Last year I referred to another Ohio author, William R. Soldan, as the Dark Prince of the Rust Belt or something. I feel like you’re The Rust Belt's Court Jester, but more like one of the old Spanish Compranchicos who had ear-to-ear grins carved/scarred into their face. Like, your poetry is one thing, but you almost remove the poetry from your prose and really tell it like it is, the voices unadulterated, which has an overwhelming comic effect when you take it out of their everyday context. However, it’d be misleading to call the book “comedy,” with this undercurrent of dread weaving throughout its entirety. I asked Soldan this same question — what is it about Ohio that captures your imagination, beyond the fact that it’s home. Do you see it as a kind of ground zero for American Trash Culture?
This is a simple yes or no answer, so, yes. To offer a bit more elucidation: Ohio’s a bowl that everything at the edges of the country rolls into if it’s not properly secured. We're a left-out-to-spoil cross-section of the stars and bars. We’re a test market and a strategic military/industrial/pinkgoo complex non-destination location. This state is just fucking weird, as weird as California or Florida, if not weirder.

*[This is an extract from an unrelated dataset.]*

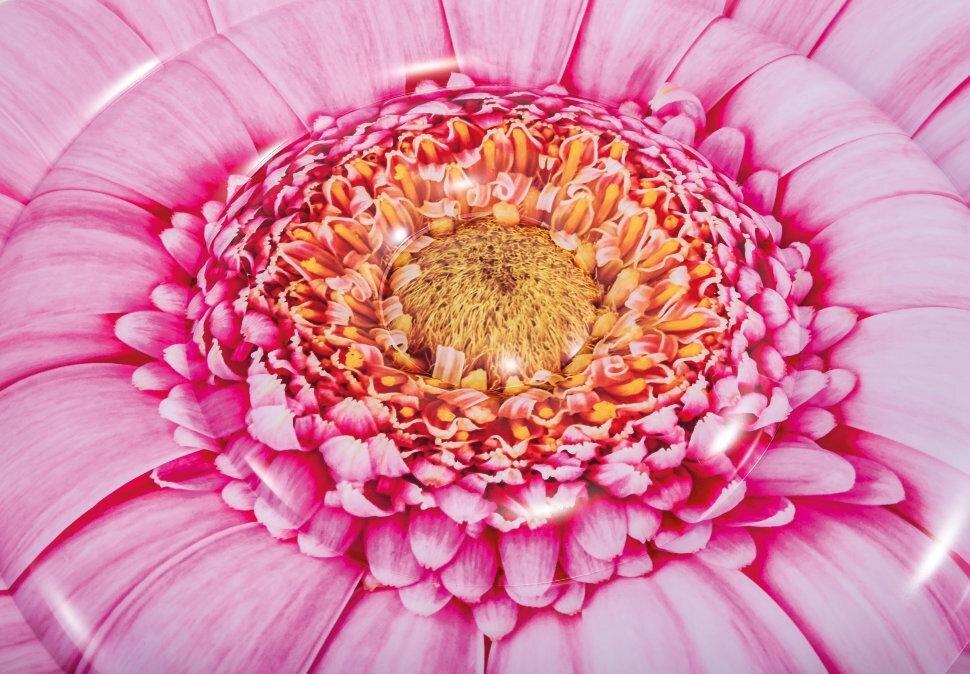 Плотик-матрас надувной Intex Розовый цветок 142 см (58787) LD, код: 2658549 - фото 4 - id-p2110802511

Some authors use magick as a mere plot device; you, however, are a sincere practitioner of the occult, from what I understand. How does this affect your writing, or, is writing inherently another form of divination?
I guess I’ll say that I’ve used art in a large number magickal operations. Honestly, I sprinkle a little bit in every artifact I create… not to SELL… but to imbue it with that spark that will hopefully touch the person who finds themselves drawn to it, to challenge and/or elevate the audience in what is increasingly, sadly, a mundane and uninspired/unispiring ‘art marketplace’. All art is divination in my opinion. You have to tap into those liminal spaces to pull forth the universal. Honestly, I think art is inherently a form of magickal manifestation regardless of intention or belief.